Leaving out the images, repeat all the lines below exactly.

□ □ □

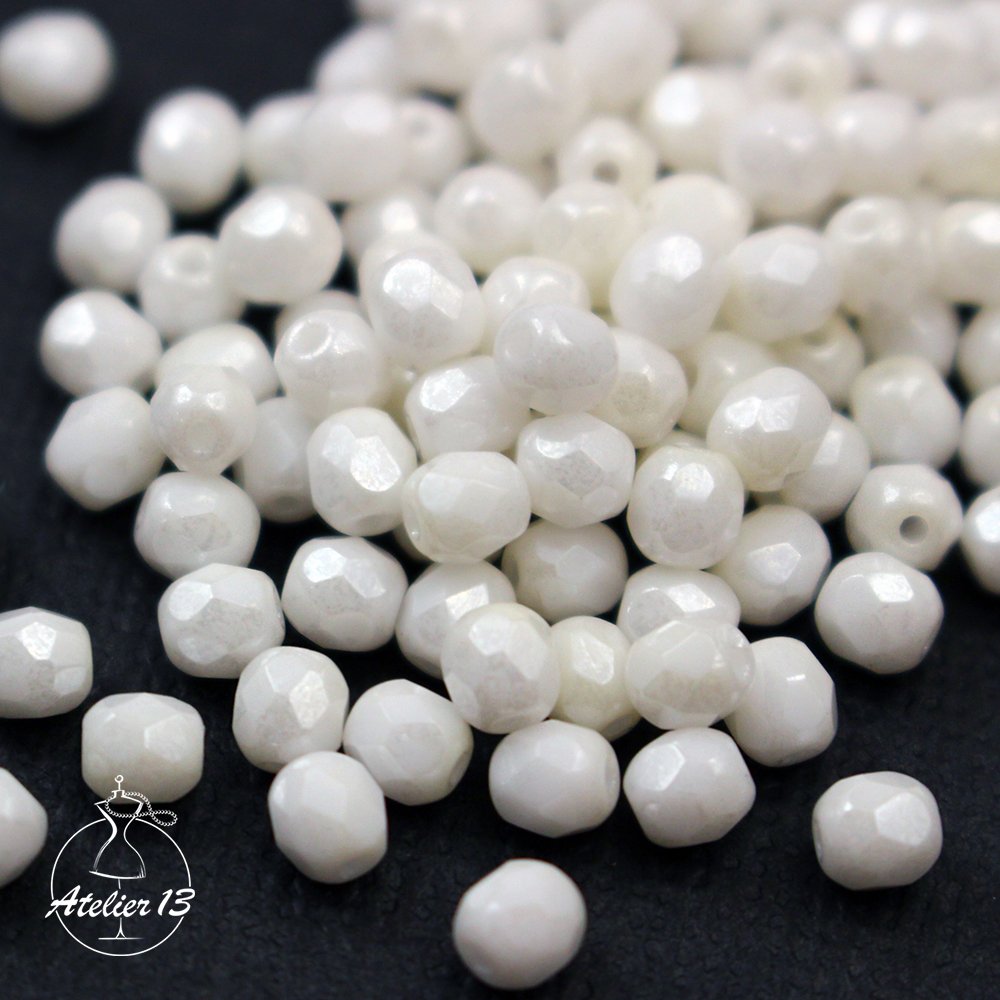 FirePolished 4 mm White Ceramic Opaque Luster, (#03000/14400), 50 pcs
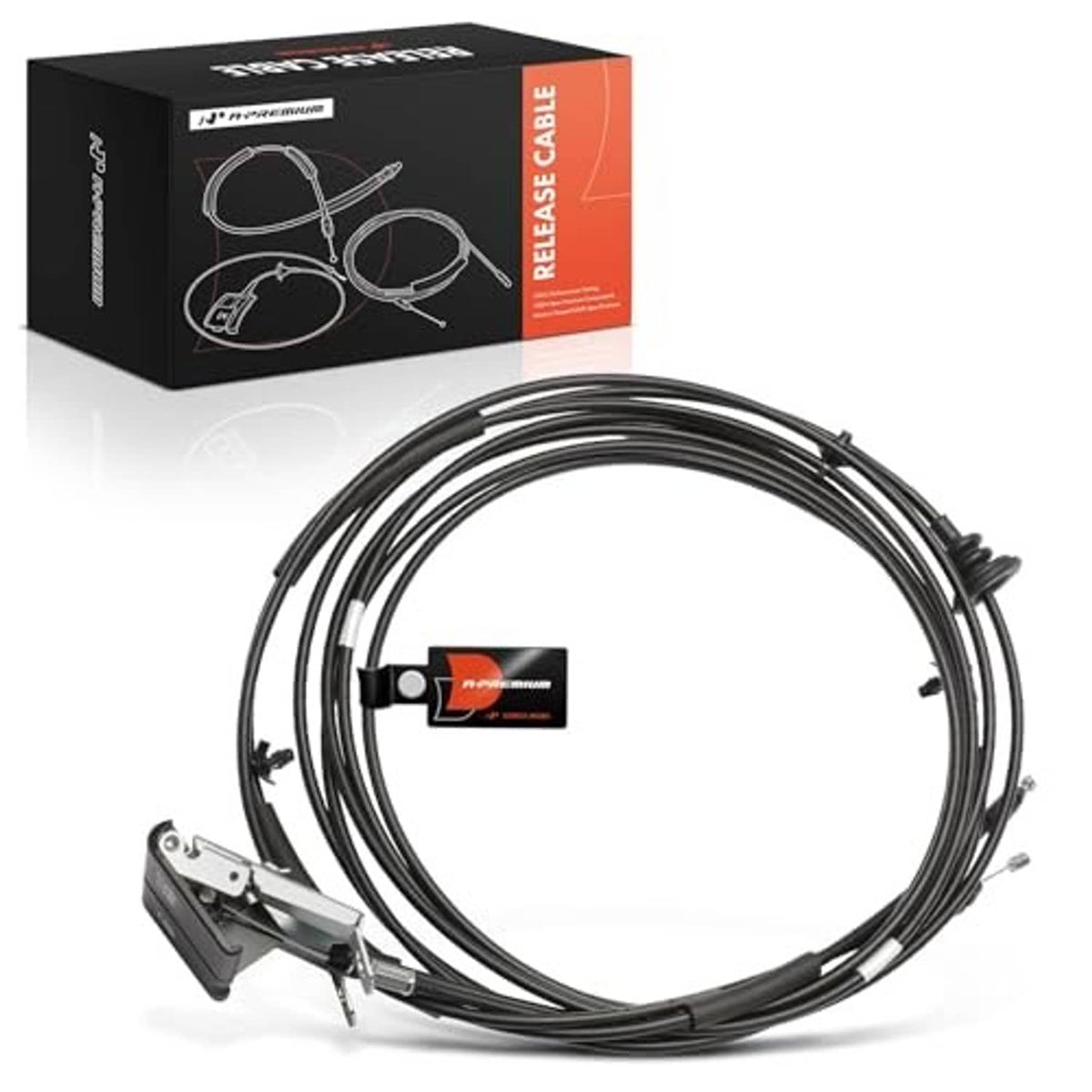 Engine hood release cable kit with coiled black cable and mounting bracket
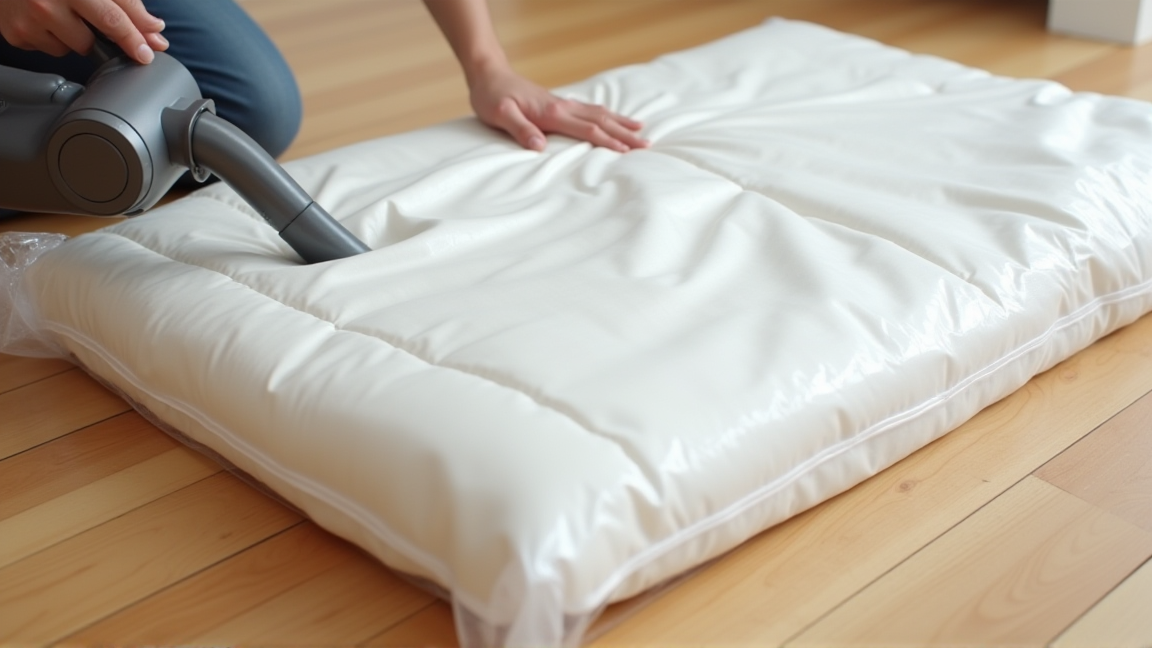 圧縮袋を使って布団の空気を抜いている手元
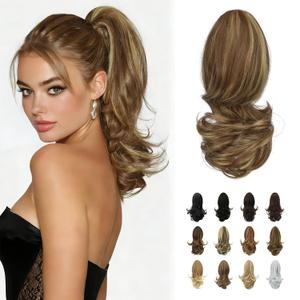 SOFEIYAN 13" Ponytail Extension Long Curly Ponytail Clip in Claw Hair Extension Natural Looking Synthetic Hairpiece for Women, Brown & Blonde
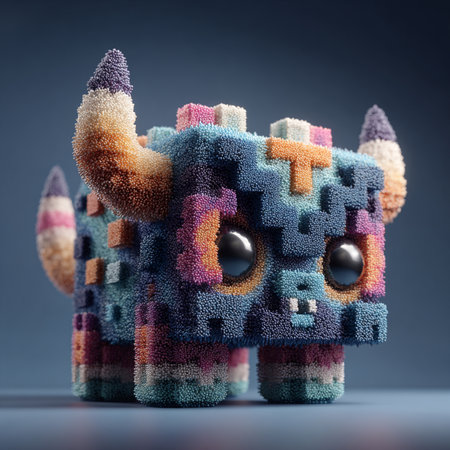Funny monster made of multicolored foam on a blue backgroundの素材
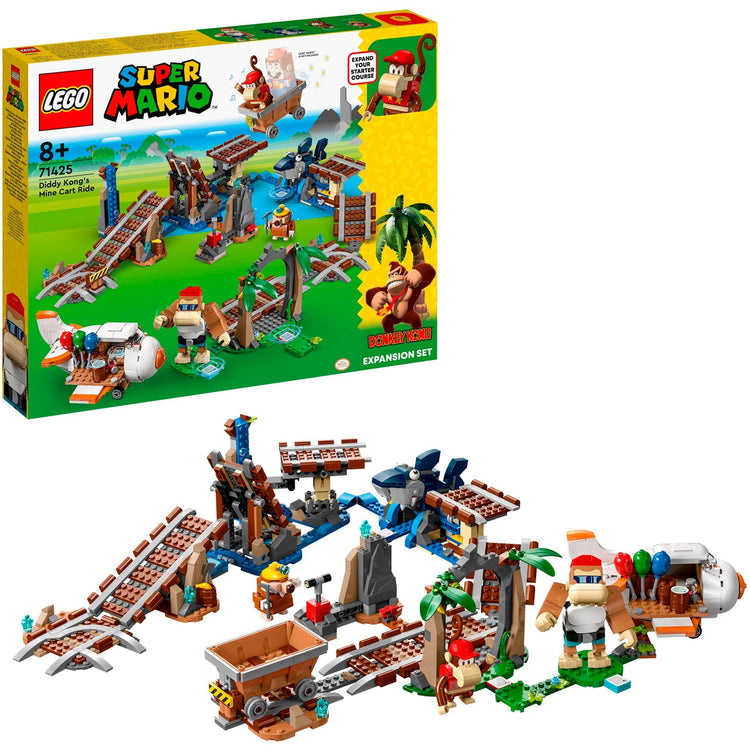 Lego super mario - uitbreidingsset: diddy kongs mijnwagenrit constructiespeelgoed (71425)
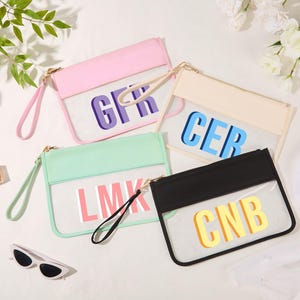 Personalized Bridesmaid Beach Bag, Shadow Monogram PoolBag, Custom Bridesmaid Makeup Bag, Cosmetic Bag, Waterproof Pouch, Bridal Party Favor
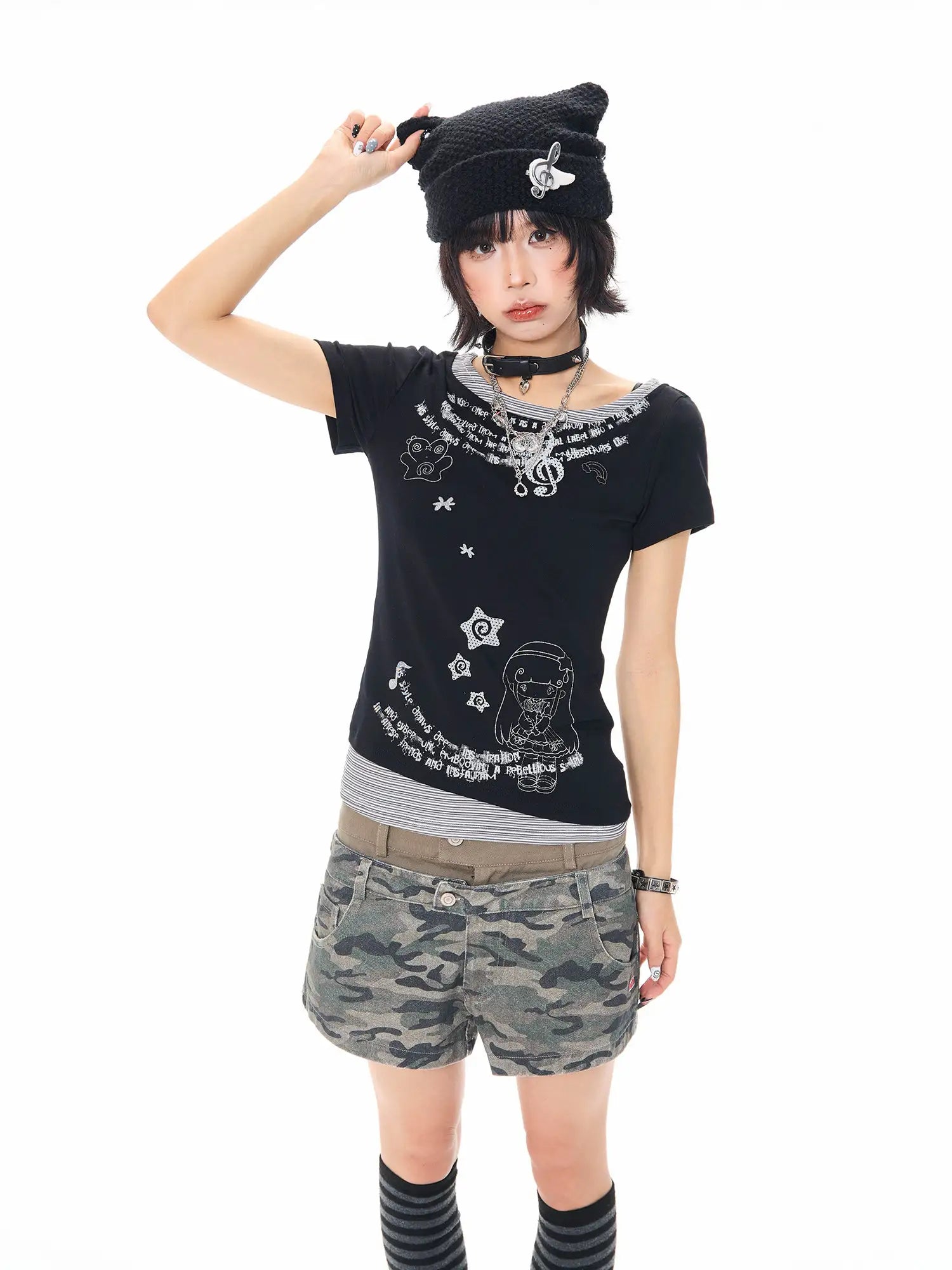 Y2K Melody Print Layered Effect Cropped Tee OL2306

□ □ □

* [WRITTEN RESPONSE]
 FirePolished 4 mm White Ceramic Opaque Luster, (#03000/14400), 50 pcs
 Engine hood release cable kit with coiled black cable and mounting bracket
 圧縮袋を使って布団の空気を抜いている手元
 SOFEIYAN 13" Ponytail Extension Long Curly Ponytail Clip in Claw Hair Extension Natural Looking Synthetic Hairpiece for Women, Brown & Blonde
Funny monster made of multicolored foam on a blue backgroundの素材
 Lego super mario - uitbreidingsset: diddy kongs mijnwagenrit constructiespeelgoed (71425)
 Personalized Bridesmaid Beach Bag, Shadow Monogram PoolBag, Custom Bridesmaid Makeup Bag, Cosmetic Bag, Waterproof Pouch, Bridal Party Favor
 Y2K Melody Print Layered Effect Cropped Tee OL2306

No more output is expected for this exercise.